━━━ Provided records
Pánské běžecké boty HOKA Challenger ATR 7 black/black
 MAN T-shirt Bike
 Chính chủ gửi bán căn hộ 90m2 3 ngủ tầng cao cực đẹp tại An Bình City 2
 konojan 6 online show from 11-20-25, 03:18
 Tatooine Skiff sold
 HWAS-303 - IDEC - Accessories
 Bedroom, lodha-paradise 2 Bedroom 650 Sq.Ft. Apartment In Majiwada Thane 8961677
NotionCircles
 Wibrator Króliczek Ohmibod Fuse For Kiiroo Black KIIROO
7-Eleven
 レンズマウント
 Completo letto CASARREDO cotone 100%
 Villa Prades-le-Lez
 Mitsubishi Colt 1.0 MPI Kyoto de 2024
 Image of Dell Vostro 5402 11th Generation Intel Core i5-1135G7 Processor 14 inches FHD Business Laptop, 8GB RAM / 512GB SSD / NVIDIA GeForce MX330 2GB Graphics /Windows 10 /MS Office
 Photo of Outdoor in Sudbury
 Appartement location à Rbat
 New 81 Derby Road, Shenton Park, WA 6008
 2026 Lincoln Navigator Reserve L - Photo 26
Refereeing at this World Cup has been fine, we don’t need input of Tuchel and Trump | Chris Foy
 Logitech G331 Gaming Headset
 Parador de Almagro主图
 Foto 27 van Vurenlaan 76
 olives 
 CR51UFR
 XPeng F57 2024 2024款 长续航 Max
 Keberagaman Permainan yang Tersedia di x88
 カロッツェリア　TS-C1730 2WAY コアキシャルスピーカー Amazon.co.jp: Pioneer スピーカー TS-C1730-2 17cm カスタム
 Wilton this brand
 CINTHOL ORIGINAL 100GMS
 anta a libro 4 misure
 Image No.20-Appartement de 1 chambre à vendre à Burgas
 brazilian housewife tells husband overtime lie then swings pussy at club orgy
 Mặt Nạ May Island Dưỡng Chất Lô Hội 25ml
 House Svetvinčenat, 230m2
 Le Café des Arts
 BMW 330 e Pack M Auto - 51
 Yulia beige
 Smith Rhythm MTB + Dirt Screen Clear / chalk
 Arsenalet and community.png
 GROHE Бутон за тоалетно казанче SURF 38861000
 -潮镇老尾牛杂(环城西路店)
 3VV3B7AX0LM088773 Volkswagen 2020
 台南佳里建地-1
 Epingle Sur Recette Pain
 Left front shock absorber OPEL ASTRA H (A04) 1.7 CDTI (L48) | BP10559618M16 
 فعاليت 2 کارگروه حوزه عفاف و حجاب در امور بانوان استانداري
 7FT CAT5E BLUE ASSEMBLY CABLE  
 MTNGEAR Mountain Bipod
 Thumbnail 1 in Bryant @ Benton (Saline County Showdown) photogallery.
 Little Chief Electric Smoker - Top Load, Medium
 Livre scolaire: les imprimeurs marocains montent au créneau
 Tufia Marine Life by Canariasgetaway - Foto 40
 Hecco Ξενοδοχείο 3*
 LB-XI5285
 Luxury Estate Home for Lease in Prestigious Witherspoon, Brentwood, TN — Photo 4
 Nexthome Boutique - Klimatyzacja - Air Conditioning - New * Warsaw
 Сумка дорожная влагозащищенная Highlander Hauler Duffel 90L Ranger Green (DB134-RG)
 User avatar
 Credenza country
━━━━━━
Work required: Starting at the line with "Livre scolaire: les", copy every line down to the last one above, exactly as written and with nothing else.

Output for this task:
 Livre scolaire: les imprimeurs marocains montent au créneau
 Tufia Marine Life by Canariasgetaway - Foto 40
 Hecco Ξενοδοχείο 3*
 LB-XI5285
 Luxury Estate Home for Lease in Prestigious Witherspoon, Brentwood, TN — Photo 4
 Nexthome Boutique - Klimatyzacja - Air Conditioning - New * Warsaw
 Сумка дорожная влагозащищенная Highlander Hauler Duffel 90L Ranger Green (DB134-RG)
 User avatar
 Credenza country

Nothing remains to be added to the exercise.